Tal vez muchos no se han dado cuenta, pero los censores del siglo XXI ya no son personas, sino algoritmos.
Es la inteligencia artificial quien puede tomar la última decisión a la hora de juzgar a un usuario quien, aparentemente, ha contravenido las normas dentro del ciberespacio.
Basta ver a Youtube (sobre todo estas últimas semanas con los últimos cambios en sus políticas). Los creadores de contenidos buscan sortear al algoritmo censor para evitar ser monetizados. Hoy hablan de la influencia del «nopor» en la sexualidad, o de la cultura del «n@rk0». Saben que están lidiando con un robot que analiza los contenidos arrojados en esa red social, y por tanto buscan la forma de engañarlo.

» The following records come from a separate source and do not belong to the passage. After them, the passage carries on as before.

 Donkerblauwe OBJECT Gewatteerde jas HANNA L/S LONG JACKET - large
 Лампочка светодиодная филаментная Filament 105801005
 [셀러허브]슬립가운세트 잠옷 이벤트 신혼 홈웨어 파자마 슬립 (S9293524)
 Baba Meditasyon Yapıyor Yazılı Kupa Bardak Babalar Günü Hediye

Un ser humano sabe a lo que esos contenidos se refieren, y sabe que quienes lo consumen también lo saben. Pero el algoritmo no (al menos por el momento), porque no tiene consciencia propia y tan solo es producto de ciertos inputs que lo definen y lo restringen (por más que tenga la capacidad de «aprender» por medio del machine learning). Peor aún, el algoritmo adopta los sesgos de su creador. Si el creador tiene prejuicios sobre algún tema o algún colectivo de personas, posiblemente, en alguna medida, el algoritmo terminará adoptándolos.

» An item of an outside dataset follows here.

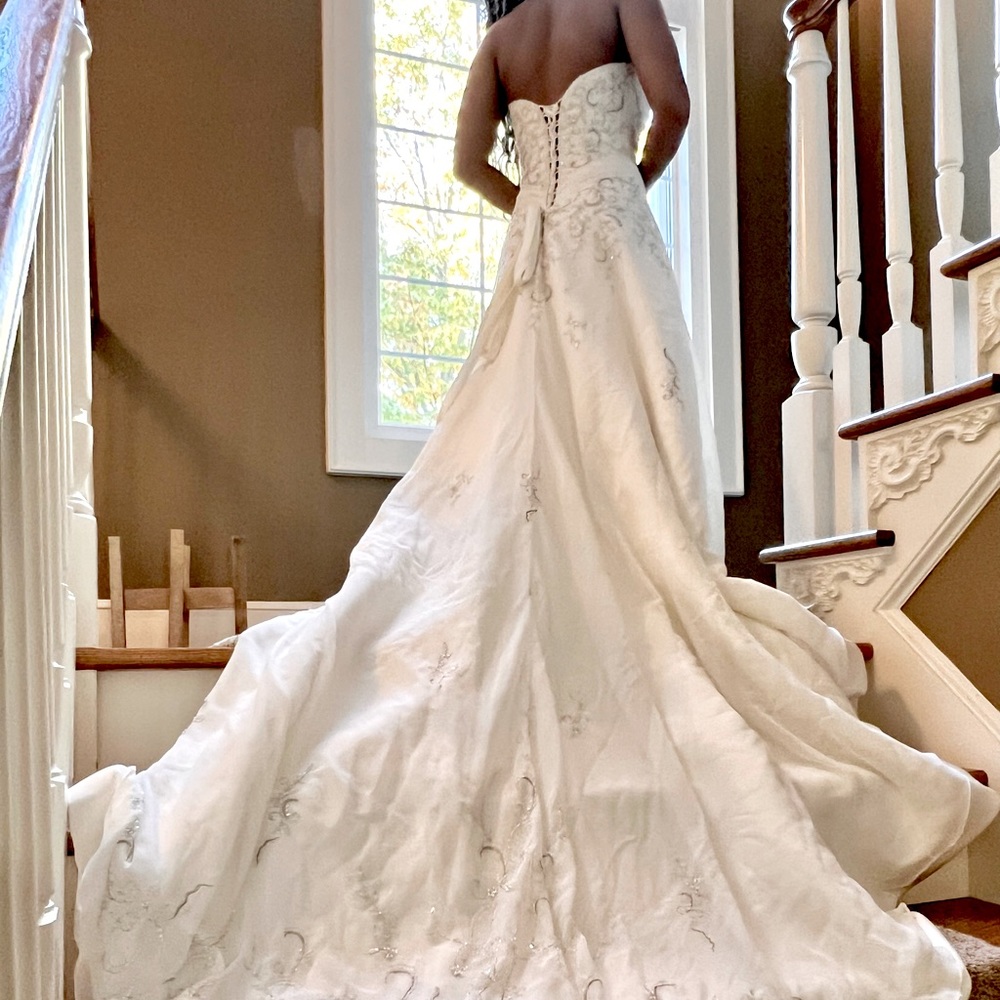 Extravagant and Elegant Strapless Wedding Dress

Pero así como al algoritmo se le puede engañar entendiendo su propia lógica, también dentro de ella es infalible y rígido. Si el algoritmo se «equivoca» es básicamente porque su construcción (por un agente externo como el ser humano) es perfectible, pero no se equivoca en sí mismo, es el agente externo el responsable de sus falencias. El algoritmo sigue a cabalidad las indicaciones que lo forman, por más sofisticadas que sean, y nunca se sale de ellas.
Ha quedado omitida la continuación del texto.